- _Task prompt_: Leave out the pictures and repeat the entries below verbatim.

- _Dataset entries_:
______________________________

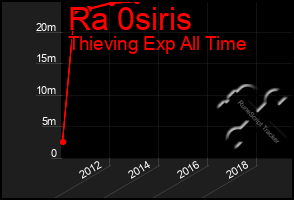 Total Graph of Ra 0siris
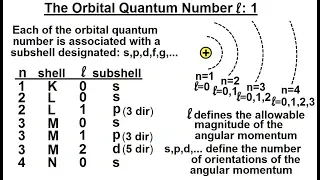 Physics - Ch 66.5 Quantum Mechanics: The Hydrogen Atom (25 of 78) Orbital Quantum Number vid 1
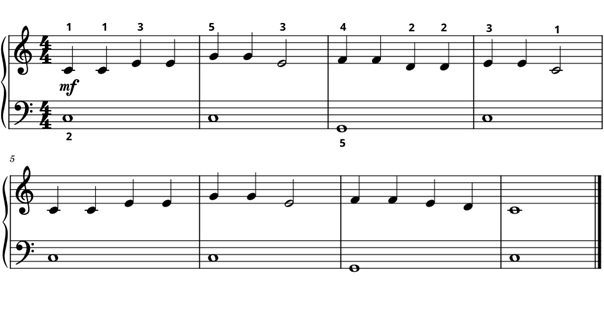 ezelsbruggetje noten leren lezen piano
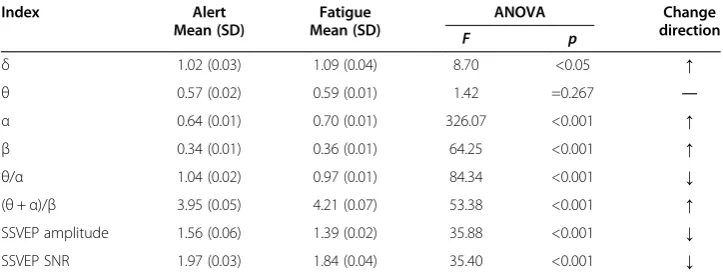 Table 2 Statistical test results for Experiment 2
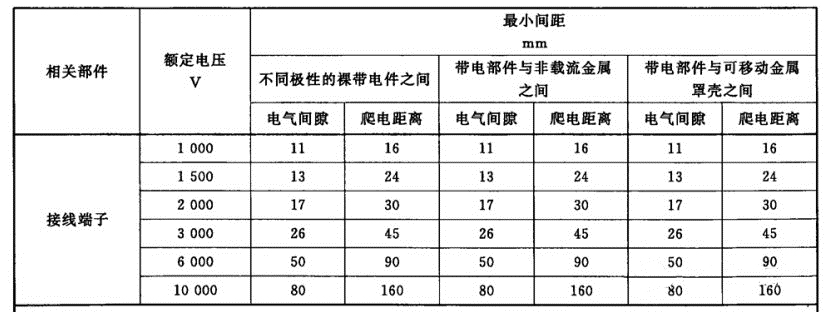 山东电机厂家盘点高压电机规定的电气间隙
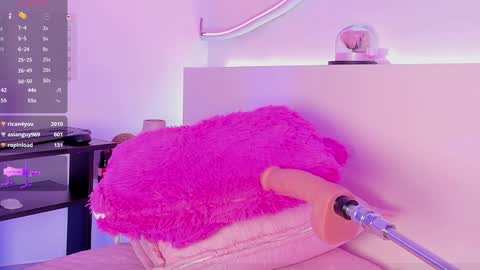 Snapshot of roxannegomez_ chatting on January 23, 2025, 4:37 pm Roxanne Gomez online show from January 23, 2025, 4:37 pm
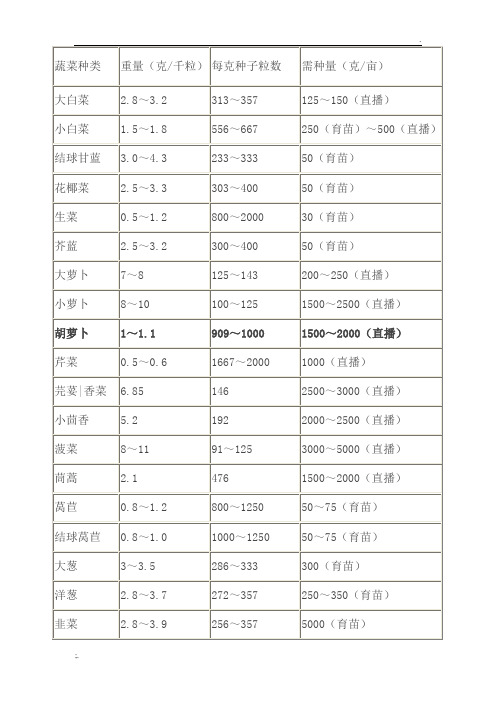 常见蔬菜种子亩用种量与千粒重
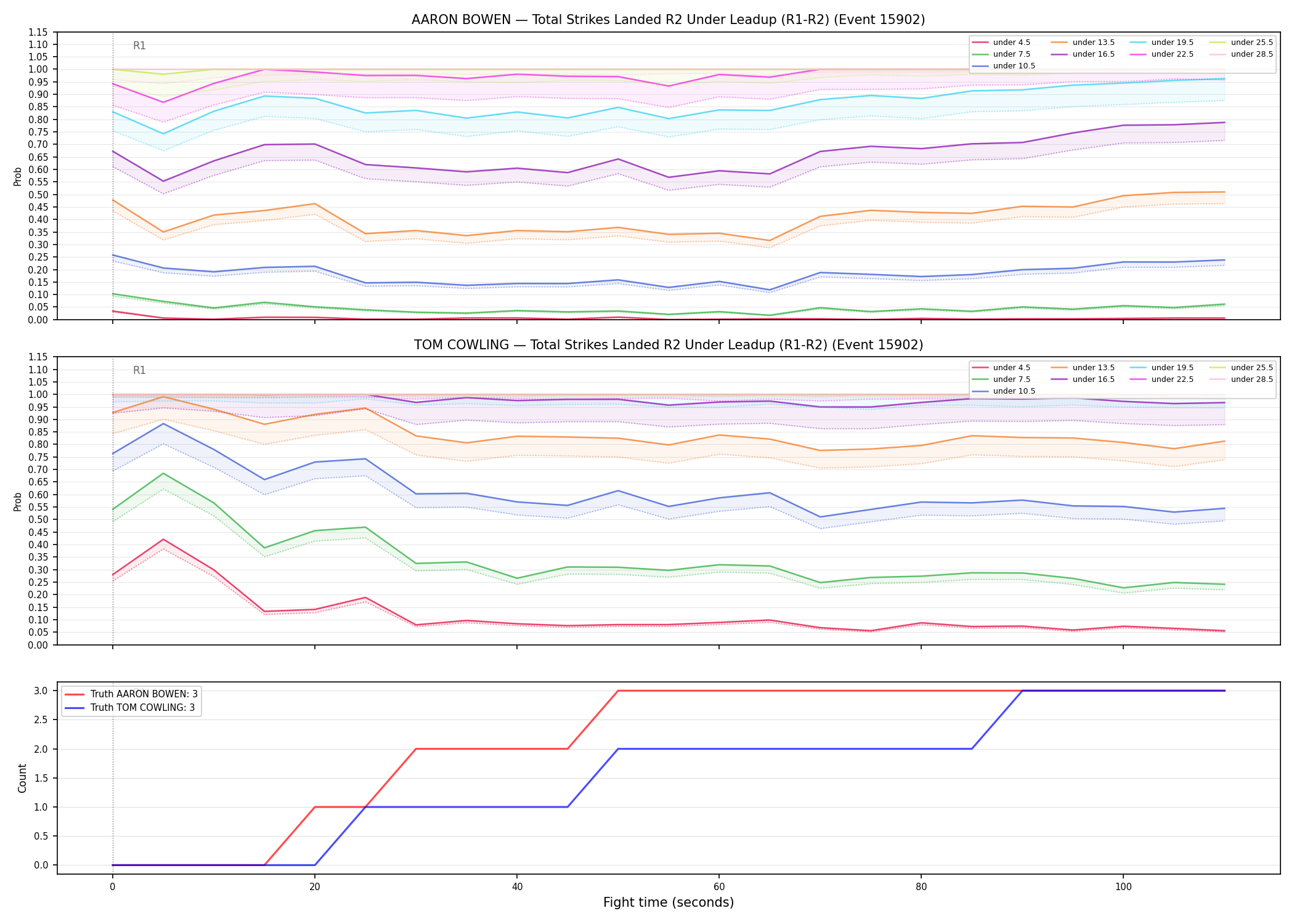 Round: Total Strikes Landed — round 2 — leadup — Dev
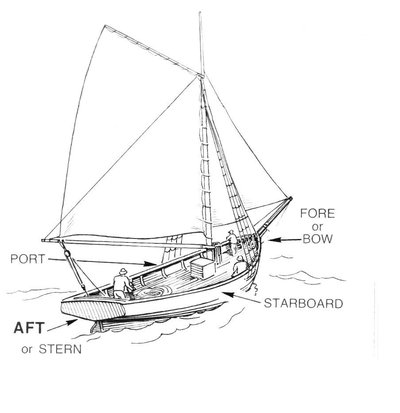 Port and starboard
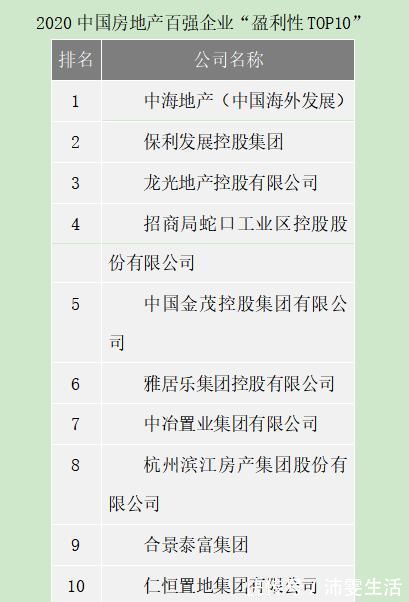 盈利性|17年销量平均值涨80倍中国百强企业房地产企业市场占有率占有率超6成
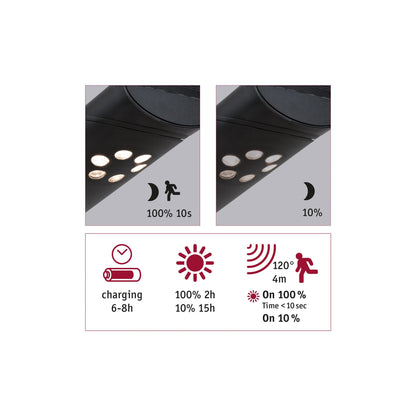 Paulmann Outdoor Solar Wandleuchte Ilias Anthrazit mit Bewegungsmelder 3000K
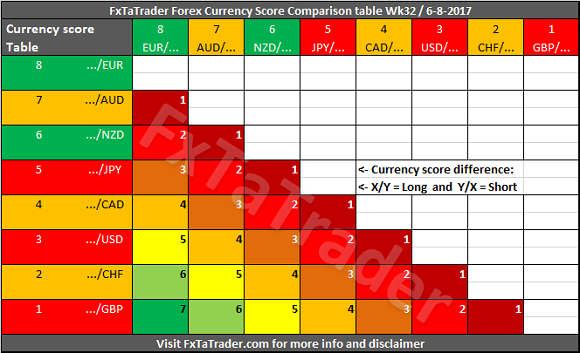 FX ecore comparison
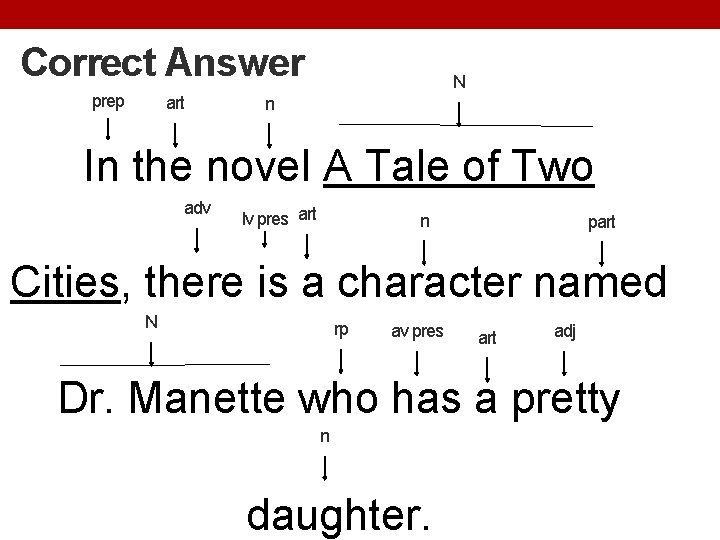 Correct Answer prep art N n In the novel A Tale of Two adv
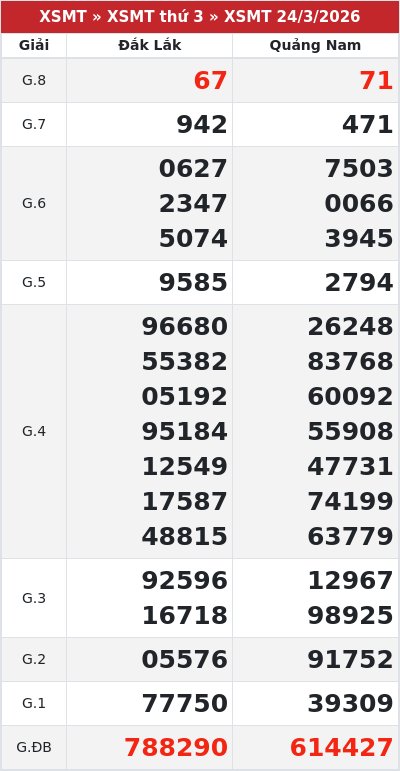 Kết quả xổ số miền trung 24/3/2026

______________________________

- _Response to this task_:
 Total Graph of Ra 0siris
 Physics - Ch 66.5 Quantum Mechanics: The Hydrogen Atom (25 of 78) Orbital Quantum Number vid 1
 ezelsbruggetje noten leren lezen piano
 Table 2 Statistical test results for Experiment 2
 山东电机厂家盘点高压电机规定的电气间隙
 Snapshot of roxannegomez_ chatting on January 23, 2025, 4:37 pm Roxanne Gomez online show from January 23, 2025, 4:37 pm
 常见蔬菜种子亩用种量与千粒重
 Round: Total Strikes Landed — round 2 — leadup — Dev
 Port and starboard
 盈利性|17年销量平均值涨80倍中国百强企业房地产企业市场占有率占有率超6成
 Paulmann Outdoor Solar Wandleuchte Ilias Anthrazit mit Bewegungsmelder 3000K
 FX ecore comparison
 Correct Answer prep art N n In the novel A Tale of Two adv
 Kết quả xổ số miền trung 24/3/2026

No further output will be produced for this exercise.